Scan the records beneath this line for the line holding "Vikings (2013) TV" and the line holding "Ameena dan Azura", then transcribe exactly those two and all lines between.
*** Source information ***
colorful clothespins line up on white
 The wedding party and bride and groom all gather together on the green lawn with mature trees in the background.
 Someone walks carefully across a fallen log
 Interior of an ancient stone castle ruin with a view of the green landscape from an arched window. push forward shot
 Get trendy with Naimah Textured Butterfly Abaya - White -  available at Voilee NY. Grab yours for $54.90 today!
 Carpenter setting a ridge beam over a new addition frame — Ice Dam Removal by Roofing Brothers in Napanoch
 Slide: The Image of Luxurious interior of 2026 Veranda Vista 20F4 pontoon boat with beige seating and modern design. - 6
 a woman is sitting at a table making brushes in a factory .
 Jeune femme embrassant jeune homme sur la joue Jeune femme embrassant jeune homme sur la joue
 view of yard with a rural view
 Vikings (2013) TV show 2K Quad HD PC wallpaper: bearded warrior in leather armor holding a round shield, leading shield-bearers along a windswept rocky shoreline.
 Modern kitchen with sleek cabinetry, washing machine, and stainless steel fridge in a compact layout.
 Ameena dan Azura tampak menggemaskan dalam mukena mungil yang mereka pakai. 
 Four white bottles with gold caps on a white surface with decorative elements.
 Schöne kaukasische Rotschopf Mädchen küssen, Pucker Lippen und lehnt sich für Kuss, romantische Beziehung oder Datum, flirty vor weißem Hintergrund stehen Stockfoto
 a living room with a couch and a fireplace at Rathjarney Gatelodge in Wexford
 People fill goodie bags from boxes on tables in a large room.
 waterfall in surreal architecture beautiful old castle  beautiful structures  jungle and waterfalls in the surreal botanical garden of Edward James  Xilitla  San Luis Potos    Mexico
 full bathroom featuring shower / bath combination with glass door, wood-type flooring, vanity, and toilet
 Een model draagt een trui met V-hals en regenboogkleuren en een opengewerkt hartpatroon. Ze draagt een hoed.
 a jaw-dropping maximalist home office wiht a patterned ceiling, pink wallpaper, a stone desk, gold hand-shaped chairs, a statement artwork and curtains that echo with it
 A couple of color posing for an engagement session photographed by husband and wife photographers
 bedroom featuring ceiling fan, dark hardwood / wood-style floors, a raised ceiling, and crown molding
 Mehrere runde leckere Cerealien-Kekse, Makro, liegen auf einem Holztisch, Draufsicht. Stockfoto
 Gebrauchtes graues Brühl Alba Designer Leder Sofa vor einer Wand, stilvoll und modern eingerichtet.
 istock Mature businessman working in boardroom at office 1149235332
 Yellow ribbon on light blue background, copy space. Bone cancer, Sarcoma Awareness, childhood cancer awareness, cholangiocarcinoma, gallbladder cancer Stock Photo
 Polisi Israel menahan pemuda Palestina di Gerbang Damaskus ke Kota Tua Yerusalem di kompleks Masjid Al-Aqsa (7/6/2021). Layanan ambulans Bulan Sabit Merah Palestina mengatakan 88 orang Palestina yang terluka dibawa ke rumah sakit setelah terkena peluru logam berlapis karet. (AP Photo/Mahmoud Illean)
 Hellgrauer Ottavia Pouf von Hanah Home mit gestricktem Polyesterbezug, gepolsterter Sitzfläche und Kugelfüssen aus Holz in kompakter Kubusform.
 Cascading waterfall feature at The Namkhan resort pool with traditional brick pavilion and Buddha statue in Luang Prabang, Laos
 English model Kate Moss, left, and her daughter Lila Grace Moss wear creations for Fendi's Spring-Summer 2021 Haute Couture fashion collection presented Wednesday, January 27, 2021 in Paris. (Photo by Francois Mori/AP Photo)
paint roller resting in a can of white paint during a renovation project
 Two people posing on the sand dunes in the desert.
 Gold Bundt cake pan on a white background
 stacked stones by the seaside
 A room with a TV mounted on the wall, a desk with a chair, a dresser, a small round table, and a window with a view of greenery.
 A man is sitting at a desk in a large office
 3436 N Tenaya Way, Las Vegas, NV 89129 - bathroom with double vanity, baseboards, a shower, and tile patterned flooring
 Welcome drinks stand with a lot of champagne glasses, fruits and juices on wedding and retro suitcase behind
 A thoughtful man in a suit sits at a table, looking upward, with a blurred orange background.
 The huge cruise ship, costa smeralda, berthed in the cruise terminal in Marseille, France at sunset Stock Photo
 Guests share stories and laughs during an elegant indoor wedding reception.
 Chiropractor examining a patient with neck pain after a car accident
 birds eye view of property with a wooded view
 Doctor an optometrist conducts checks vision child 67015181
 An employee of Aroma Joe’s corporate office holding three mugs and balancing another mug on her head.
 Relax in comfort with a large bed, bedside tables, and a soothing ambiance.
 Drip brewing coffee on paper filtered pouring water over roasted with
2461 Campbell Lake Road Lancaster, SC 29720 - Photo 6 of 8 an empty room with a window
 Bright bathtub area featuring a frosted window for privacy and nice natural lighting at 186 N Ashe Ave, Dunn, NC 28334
***
= Exercise solution =
 Vikings (2013) TV show 2K Quad HD PC wallpaper: bearded warrior in leather armor holding a round shield, leading shield-bearers along a windswept rocky shoreline.
 Modern kitchen with sleek cabinetry, washing machine, and stainless steel fridge in a compact layout.
 Ameena dan Azura tampak menggemaskan dalam mukena mungil yang mereka pakai. 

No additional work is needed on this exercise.